(Sources: http://www.chipotlefan.com/index.php?id=nutrition_calculator; http://calorielab.com/restaurants/mcdonalds/big-mac/1/7.)
All things considered, this is a surprising outcome. Granted, it may very well be the case that, could we factor in the preservatives, glutens, gums, and other unhealthy additives, these results would be tempered. Still, given our national health situation—an increasing prevalence of high blood pressure, high cholesterol, diabetes, obesity, and heart disease—neither the Big Mac nor the Chipotle burrito deserves anything close to a nutritional gold star. In fact, for consumers willing to digest the lesser of evils, it appears as if the Big Mac—especially when it comes to sodium and cholesterol—edges out the pork burrito.

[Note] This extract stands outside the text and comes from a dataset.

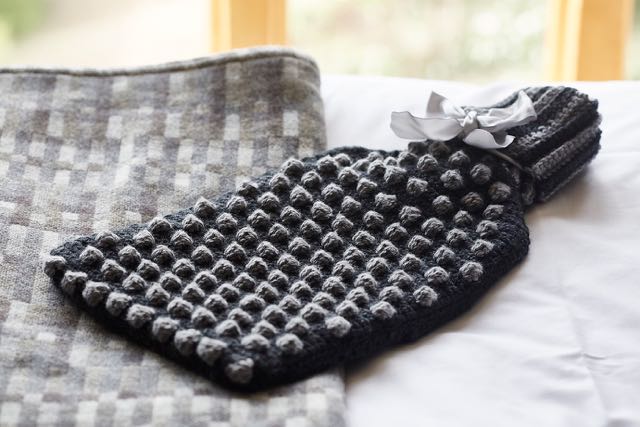 HydeInsideShop's tweet photo. Thoughts of summer clothes premature - reverting to cosy #hotwaterbottle instead #snowinapril #coldtoes https://t.co/7Ad89fZPkg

What makes this comparison noteworthy is that it grates against Chipotle's carefully cultivated image. Chipotle is a darling, a beacon of hope, a responsible renegade in the morally defunct world of fast food. From its Niman Ranch-raised pork to its "Food with Integrity" campaign to the appearance of its CEO on Oprah (alongside Michael Pollan), Chipotle—which used to be owned by McDonalds—has successfully branded itself as a cool oasis of sustainability in the expanding desert of industrialized food. It's where slow foodies go when it's time to eat fast.
How an organization known for promoting responsible food choices can get away with serving a signature meal that exceeds our daily sodium allowance—while the avatar of industrial food actually offers a counterpart that's not quite as bad for you—is a situation that makes me wonder: could the rhetoric of food sustainability be distracting us a darker reality? Put differently, does Chipotle's admirable decisions to support small farms when feasible, source all its pork locally from welfare-approved operations, and buy half of its beef hormone-free exonerate their barbell of a burrito from attacking our bodies with obscene levels of cholesterol, saturated fat, and salt?
I shouldn't ask this question of Chipotle alone. Take the famous IN-N-OUT Burger. The organization does an impressive of job of tracking its beef from farm to fork, even going to far as to inspect, butcher, and grind its own product. No outsourcing necessary. This rare example of vertical integration has earned the burger chain well-deserved praise. But stack a standard IN-N-OUT burger against a standard McDonald's burger (both with onions, ketchup, and mustard) and the IN-N-OUT loses on every recorded nutritional point. Calories: 310 to 260. Total fat: 10 grams to 9 grams. Sodium: 730 milligrams to 530 milligrams. Cholesterol: 35 milligrams to 30 milligrams. Carbs: 41 grams to 33 grams. And so on. (All figures are from calorielab.com.)
The culinary domain where I really see the rhetoric of sustainability obscuring heroic amounts of fat, cholesterol, and salt is gourmet dining. One can hardly enter an upscale restaurant these days without being lectured about the locally sourced, sustainably raised, and eco-friendly items on the menu.